Les plus jeunes privés du droit de vivre
Si l'interdiction d'avorter disparaissait, le Parlement pourrait dorénavant décider de la vie ou de la mort à la majorité simple, met en garde la chroniqueuse Breda O'Brien dans The Irish Times :
«Je pense que chacune et chacun devrait avoir le droit de vivre, que le père ait été un violeur ou non. Mais je sais qu'il est possible de modifier la constitution de façon pour que certains avortements puissent être autorisés par la loi dans des cas particulièrement traumatisants tels que des viols. Mais si nous votons pour une suppression du [huitième] amendement de la constitution, il n'y aura plus de retour possible. Nous consacrerons dans la constitution le droit des députés de décider à notre place. Et nous priverons les plus jeunes êtres humains de leur droit de vivre et de prendre un jour eux-mêmes des décisions.»
Retrouver les repères moraux
L'Irlande semble se débarrasser du dernier reliquat de son passé catholique, croit savoir le journaliste Mario Danneels, qui vit dans ce pays, dans De Morgen :
«On peut constater de nombreux signes d'espoir : le fait qu'une campagne citoyenne soutienne les pro-IVG, que les badges, t-shirts et sacs arborant un 'Oui' dominent, que les personnes qui distribuent des tracts anti-IVG semblent assez perdues ou sont presque chassées à coups de bâtons des rues commerçantes. Et l'on remarque que la plus grande ingérence religieuse vient des Etats-Unis. Au cours de la campagne, le rôle joué par l'Eglise irlandaise a été négligeable. Celle-ci s'est manifestement rendue à l'évidence qu'elle a galvaudé son crédit. ... De nombreux Irlandais estiment que l'enjeu de ce référendum n'est pas uniquement l'avortement, mais également la boussole morale du pays. Et ils souhaitent qu'elle soit calibrée une fois pour toutes sur le présent.»
Un pays divisé
Index souligne que c'est une décision de principe que la société irlandaise est appelée à prendre :
«Forcer des fœtus à vivre en dépit de graves troubles du développement, et des grossesses à être portées à terme au péril de la vie de la mère, qui accouchera d'un mort-né. Mais il faut aussi évoquer les enfants qui ne seraient pas nés sans cette dure législation, et parler des familles heureuses. C'est un pays profondément divisé mais de plus en plus libéral qui va se prononcer : veut-il, en 2018, conserver un droit à l'avortement strict - le plus rigide d'Europe - aligné sur une Eglise catholique en perte de vitesse ? ... Quelle que soit l'issue du scrutin, une chose est sûre : ni le thème, ni la profonde division de la société ne disparaîtront. Ni d'ailleurs les avortements, sachant qu'en moyenne, dix 'touristes de l'avortement' se rendent chaque jour en Angleterre pour y pratiquer une IVG.»

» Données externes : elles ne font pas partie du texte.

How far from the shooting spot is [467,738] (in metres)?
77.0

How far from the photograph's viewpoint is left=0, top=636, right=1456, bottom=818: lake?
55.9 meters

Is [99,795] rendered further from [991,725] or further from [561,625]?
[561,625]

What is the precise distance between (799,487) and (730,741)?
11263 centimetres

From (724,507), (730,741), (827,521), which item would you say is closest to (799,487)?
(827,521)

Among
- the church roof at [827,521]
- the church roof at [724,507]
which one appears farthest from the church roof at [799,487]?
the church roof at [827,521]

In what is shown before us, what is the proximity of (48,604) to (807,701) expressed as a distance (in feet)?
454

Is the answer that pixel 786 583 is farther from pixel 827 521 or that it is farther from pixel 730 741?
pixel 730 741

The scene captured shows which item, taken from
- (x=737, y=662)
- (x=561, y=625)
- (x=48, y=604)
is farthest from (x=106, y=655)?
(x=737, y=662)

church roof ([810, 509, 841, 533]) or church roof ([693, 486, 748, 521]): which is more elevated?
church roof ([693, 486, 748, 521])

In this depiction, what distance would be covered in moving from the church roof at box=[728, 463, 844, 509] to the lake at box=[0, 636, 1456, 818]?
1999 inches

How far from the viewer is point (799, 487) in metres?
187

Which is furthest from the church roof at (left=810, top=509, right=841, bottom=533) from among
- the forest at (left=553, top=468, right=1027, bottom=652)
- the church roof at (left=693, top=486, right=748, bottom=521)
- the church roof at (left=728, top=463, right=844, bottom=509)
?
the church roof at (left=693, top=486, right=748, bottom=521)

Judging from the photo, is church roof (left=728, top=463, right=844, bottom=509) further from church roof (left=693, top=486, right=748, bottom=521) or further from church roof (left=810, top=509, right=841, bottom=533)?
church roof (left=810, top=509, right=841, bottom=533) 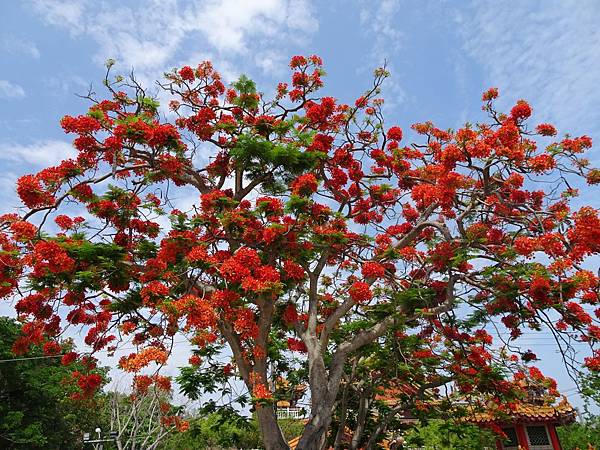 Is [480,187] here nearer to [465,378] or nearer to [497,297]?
[497,297]

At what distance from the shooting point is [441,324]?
27.3ft

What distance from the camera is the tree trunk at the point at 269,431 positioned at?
679cm

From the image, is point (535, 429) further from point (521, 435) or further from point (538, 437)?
point (521, 435)

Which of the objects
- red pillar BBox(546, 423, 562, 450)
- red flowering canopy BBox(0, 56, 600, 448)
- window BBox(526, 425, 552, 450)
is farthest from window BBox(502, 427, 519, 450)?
red flowering canopy BBox(0, 56, 600, 448)

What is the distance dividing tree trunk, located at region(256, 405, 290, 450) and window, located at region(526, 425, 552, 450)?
35.9ft

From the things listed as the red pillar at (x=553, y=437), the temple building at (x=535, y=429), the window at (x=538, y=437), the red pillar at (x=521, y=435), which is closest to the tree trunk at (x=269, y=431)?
the temple building at (x=535, y=429)

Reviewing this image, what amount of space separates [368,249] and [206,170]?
3.34 metres

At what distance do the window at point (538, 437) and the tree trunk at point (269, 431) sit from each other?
430 inches

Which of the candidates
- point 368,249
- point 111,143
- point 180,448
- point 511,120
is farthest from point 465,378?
point 180,448

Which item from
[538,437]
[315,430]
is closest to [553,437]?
[538,437]

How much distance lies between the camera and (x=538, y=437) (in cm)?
1402

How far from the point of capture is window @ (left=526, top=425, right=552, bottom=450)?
1387 cm

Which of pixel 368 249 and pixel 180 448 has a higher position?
pixel 368 249

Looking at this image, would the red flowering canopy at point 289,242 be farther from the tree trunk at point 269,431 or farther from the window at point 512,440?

Les religions peuvent aussi changer de position
L'Eglise catholique ne sanctionne l'avortement par l'exclusion que depuis le pape Pie IX en 1869, note Göteborgs-Posten tout en espérant qu'elle revienne un jour sur cette position :
«Le fait que l'Irlande organise un référendum sur l'IVG est une excellente nouvelle. Il faut espérer que la prochaine étape sera un débat sur la rédaction de la législation portant sur l'IVG. Dans ces pays catholiques marqués par l'idée que l'avortement doit impérativement être puni, il serait temps de rappeler que cette position est relativement récente, dans l'histoire de l'Eglise catholique vieille de presque 2000 ans. Les points de vue religieux sur l'IVG peuvent eux aussi évoluer. Et c'est essentiel si l'on veut sauver la vie des femmes.»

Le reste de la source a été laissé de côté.